As massage practitioners we may be asked to treat vulnerable adults. When we are treating a child we can simply state in our own Safeguarding policies that a parent or carer must be present for the treatment, this both reassures the child and gives protection for both the child and the massage practitioner. When it comes to treating an adult in residential care the family may not always be around and staff may be too busy with other residents to be present. This can give rise to some questions around Safeguarding.

In referring to a vulnerable adult here I am talking about an adult who, at that time, is not able to express their own views. This may be a long term, permanent condition, perhaps a brain injury at birth that has had a profound effect on the individual or, for example, someone who has had a stroke which has left them unable to speak for themselves at this moment in time – a situation which may or may not change.

The practitioner is then left with a bit of dilemma, to treat or not to treat.

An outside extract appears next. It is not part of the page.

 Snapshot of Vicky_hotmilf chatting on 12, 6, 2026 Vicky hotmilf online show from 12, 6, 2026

The benefits of massage can be so great for the individual in terms of pain reduction, increased movement and rehabilitation that I have usually chosen to treat but have put in place a variation of the client consent form for when the client cannot consent to treatment themselves.

This form includes:

  • The usual client detail: personal details such as name and age
  • Contact details: for the person who is their next of kin or who has power of attorney as well as for the residential home the client is living in
  • Medical history: this will include medical consent to massage where appropriate for the condition
  • My Safeguarding policy: This will include that I have full, enhanced DBS clearance, that I always adhere to strict and full professional client draping, that I will sign in and out of the home so that there is a full record of my visit, that I will work with the door ajar so that members of staff are free to ‘check in’ as & when and finally that my client notes will be available to the next of kin / person with power of attorney.
  • I ask that person (the person who is next of kin or who has the power of attorney) to sign on behalf of the client.

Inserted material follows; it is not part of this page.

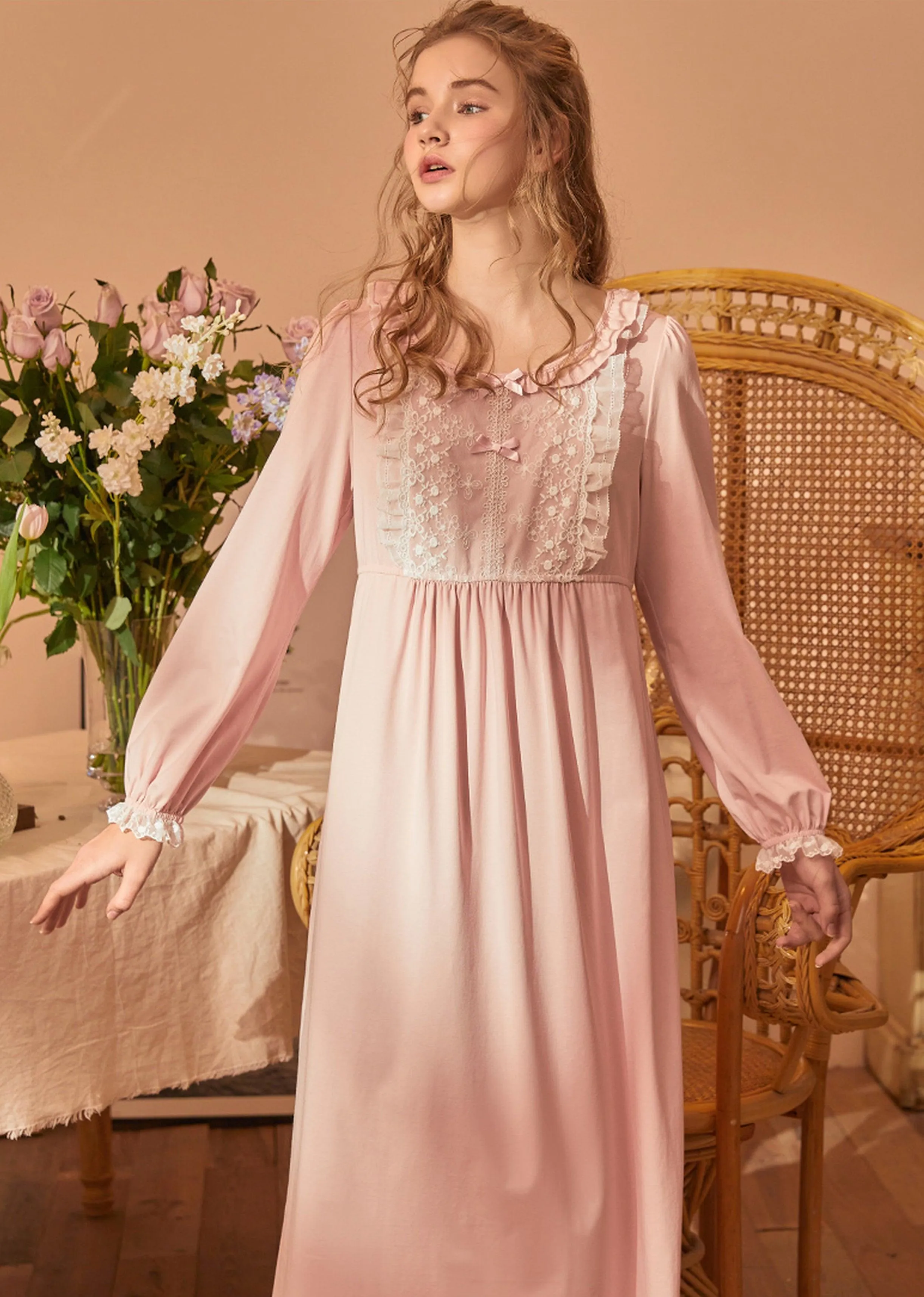 Vintage Delicate Lace Women's Nightgown, Victorian Royal Spring Autumn Princess Loose Nightgown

This is all reviewed on a regular basis so that should the person recover and be able to consent to treatment themselves, we move to doing that instead. Massage can be such a powerful tool, especially for someone whose medical condition may mean that they are often ‘handled’ rather than ‘touched’, having safeguards in place allows this to take place in a professional environment and at the same time protects both client and practitioner – freeing us to do our job and allowing the client to benefit from this powerful therapy we call massage.